| EXERCISE INSTRUCTIONS |
What you return should be the exact lines from the one with "this 1200×797 image." to the end of the records below, both included, and no pictures.

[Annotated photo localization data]
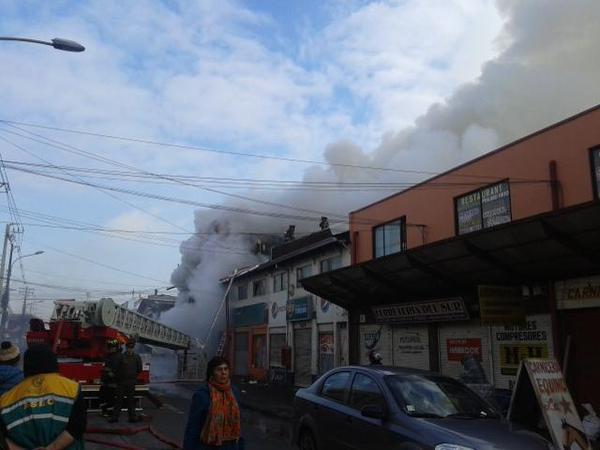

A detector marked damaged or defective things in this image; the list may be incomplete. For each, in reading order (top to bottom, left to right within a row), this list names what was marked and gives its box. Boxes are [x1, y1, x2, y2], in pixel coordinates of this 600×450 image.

fire damaged roof [302, 202, 600, 312]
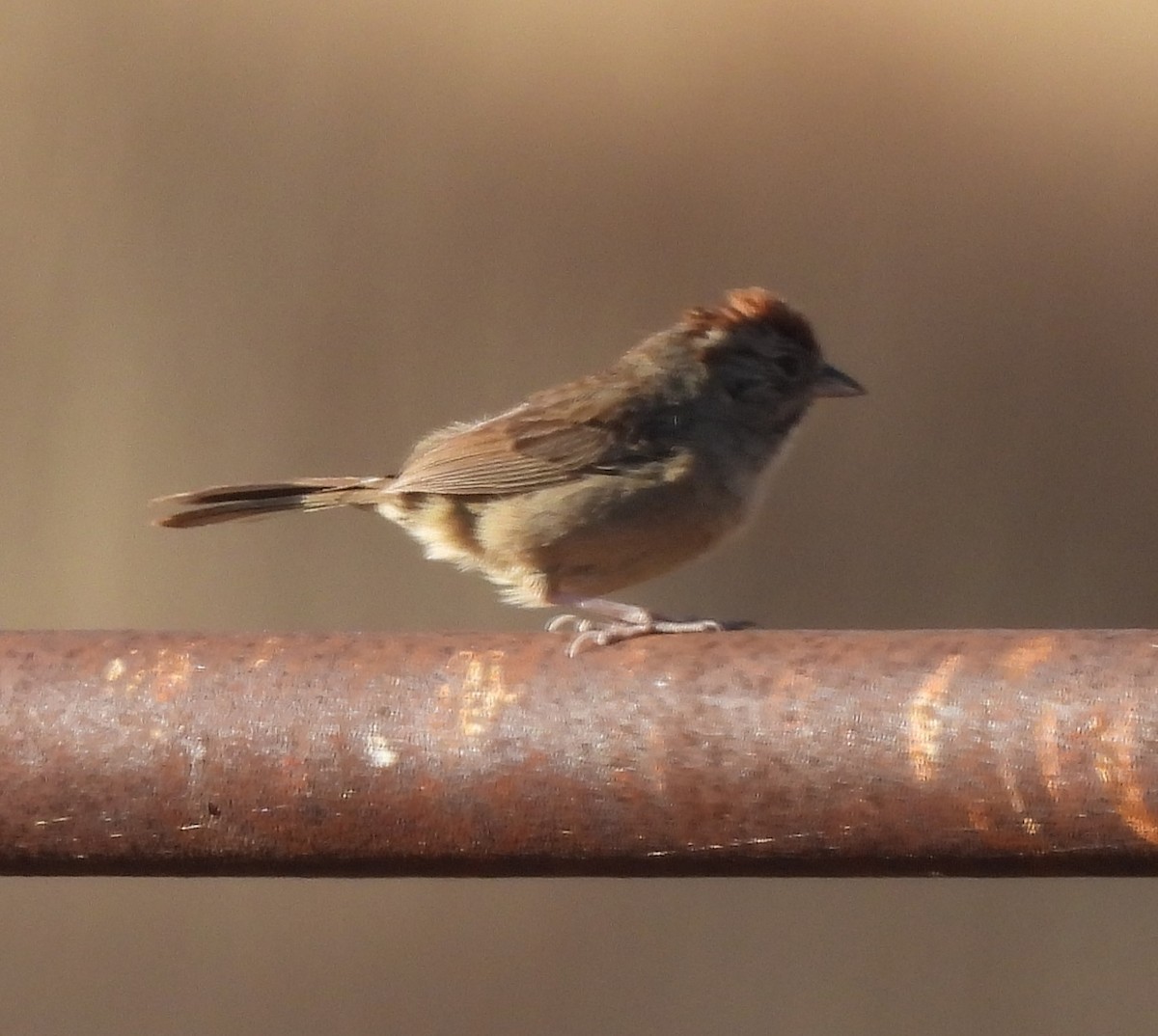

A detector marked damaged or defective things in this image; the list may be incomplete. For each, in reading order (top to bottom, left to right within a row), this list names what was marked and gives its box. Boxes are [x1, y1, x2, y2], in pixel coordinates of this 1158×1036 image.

rusty metal pipe [2, 629, 1158, 880]
rust spot on pipe [2, 629, 1158, 880]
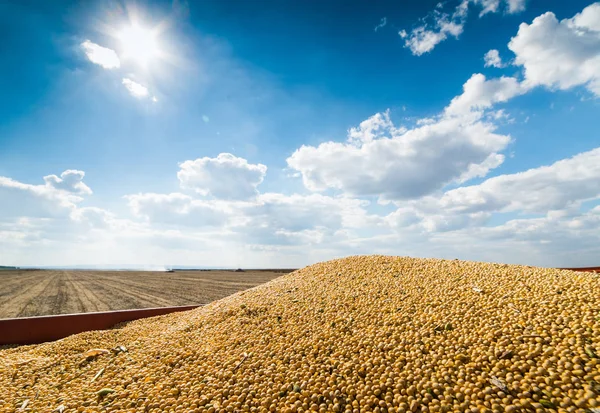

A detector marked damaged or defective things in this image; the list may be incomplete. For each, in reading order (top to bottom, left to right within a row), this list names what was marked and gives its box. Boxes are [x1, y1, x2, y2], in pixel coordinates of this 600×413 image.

rust on metal [0, 304, 202, 346]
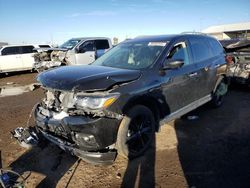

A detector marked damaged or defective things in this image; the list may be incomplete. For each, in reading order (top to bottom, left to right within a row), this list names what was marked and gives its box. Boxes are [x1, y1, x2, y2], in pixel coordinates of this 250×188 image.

shattered headlight [74, 93, 119, 109]
damaged front bumper [33, 105, 121, 164]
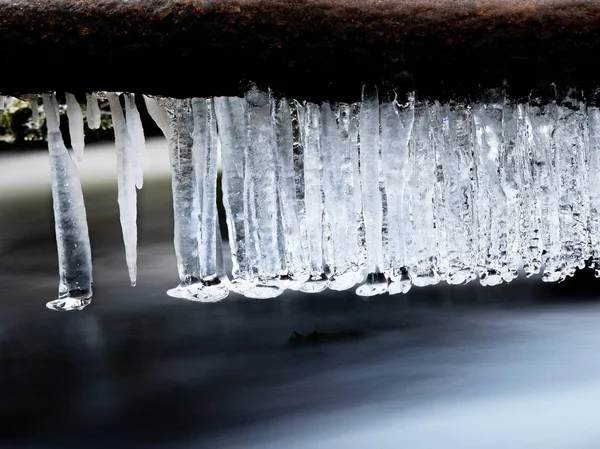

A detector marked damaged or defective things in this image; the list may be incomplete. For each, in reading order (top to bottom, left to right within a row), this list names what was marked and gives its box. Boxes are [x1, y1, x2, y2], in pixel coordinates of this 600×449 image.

brown rusted surface [1, 1, 600, 101]
rust texture [1, 1, 600, 101]
rusty metal beam [1, 1, 600, 101]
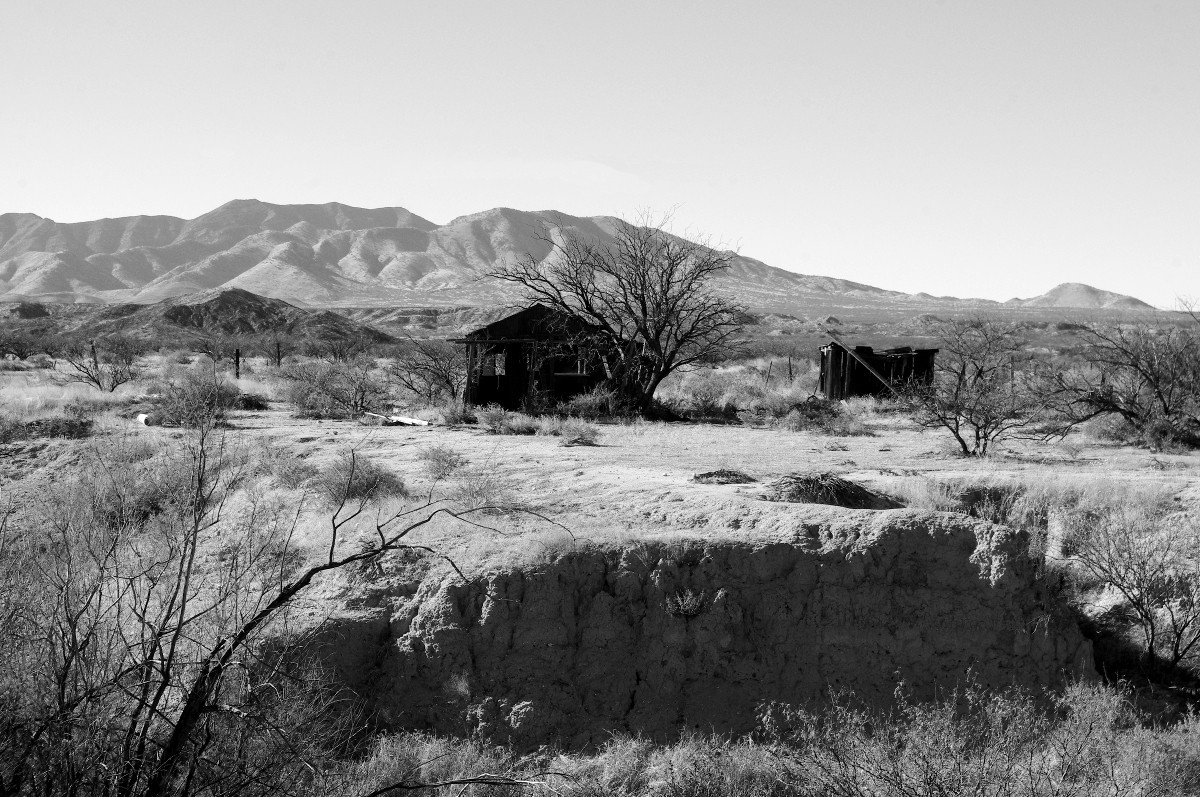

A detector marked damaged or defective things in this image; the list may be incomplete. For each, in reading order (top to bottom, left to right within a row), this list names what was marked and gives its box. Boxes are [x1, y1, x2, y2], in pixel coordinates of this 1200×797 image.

rusted metal shed [451, 302, 604, 408]
rusted metal shed [816, 338, 936, 398]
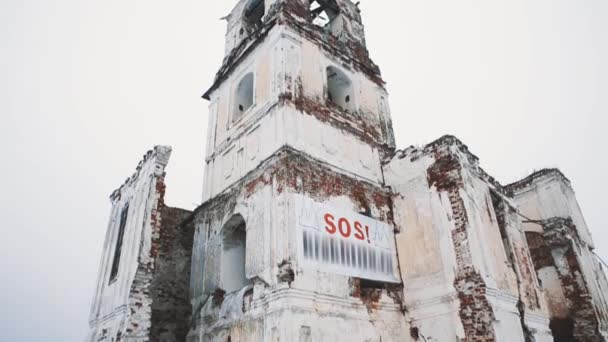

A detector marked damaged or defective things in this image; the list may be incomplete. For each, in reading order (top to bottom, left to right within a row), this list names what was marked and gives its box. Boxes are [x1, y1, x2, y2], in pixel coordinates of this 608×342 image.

damaged wall [86, 147, 192, 342]
damaged wall [384, 136, 556, 342]
damaged wall [506, 171, 608, 342]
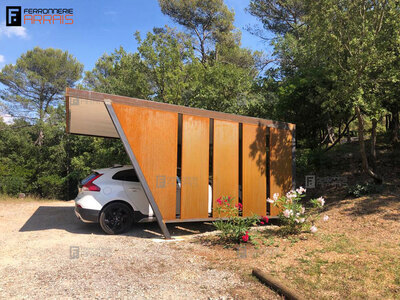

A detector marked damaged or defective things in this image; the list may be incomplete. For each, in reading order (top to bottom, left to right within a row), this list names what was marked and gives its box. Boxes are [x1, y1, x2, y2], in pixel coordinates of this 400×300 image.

rusty metal panel [111, 103, 177, 220]
rusty metal panel [180, 115, 209, 218]
rusty metal panel [214, 118, 239, 214]
rusty metal panel [242, 123, 268, 217]
rusty metal panel [268, 126, 294, 216]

| TASK RESULT |
A detector marked damaged or defective things in this image; the list may be incomplete. For each, in reading order (top to bottom, left to right within a row), this list names what was marked and gives its box. Boxes are [x1, y1, x2, y2], in pixel coordinates of this 1200×797 image.

rusted metal shed [451, 302, 604, 408]
rusted metal shed [816, 338, 936, 398]

A detector marked damaged or defective things in this image; the list may be incomplete. For each, in reading order (top to bottom, left to right within a row), this list names what was marked and gives its box. Boxes are [x1, y1, x2, y2], in pixel coordinates of this 608×342 image.

damaged wall [86, 147, 192, 342]
damaged wall [384, 136, 556, 342]
damaged wall [506, 171, 608, 342]

A detector marked damaged or defective things in this image; the list may be incomplete. For each, in reading order (top to bottom, left to right within a row), this list names what was marked and gives its box. Boxes are [x1, y1, x2, y2], in pixel coordinates of this 400×300 image.

rusty metal panel [111, 103, 177, 220]
rusty metal panel [180, 115, 209, 218]
rusty metal panel [214, 118, 239, 214]
rusty metal panel [242, 123, 268, 217]
rusty metal panel [268, 126, 294, 216]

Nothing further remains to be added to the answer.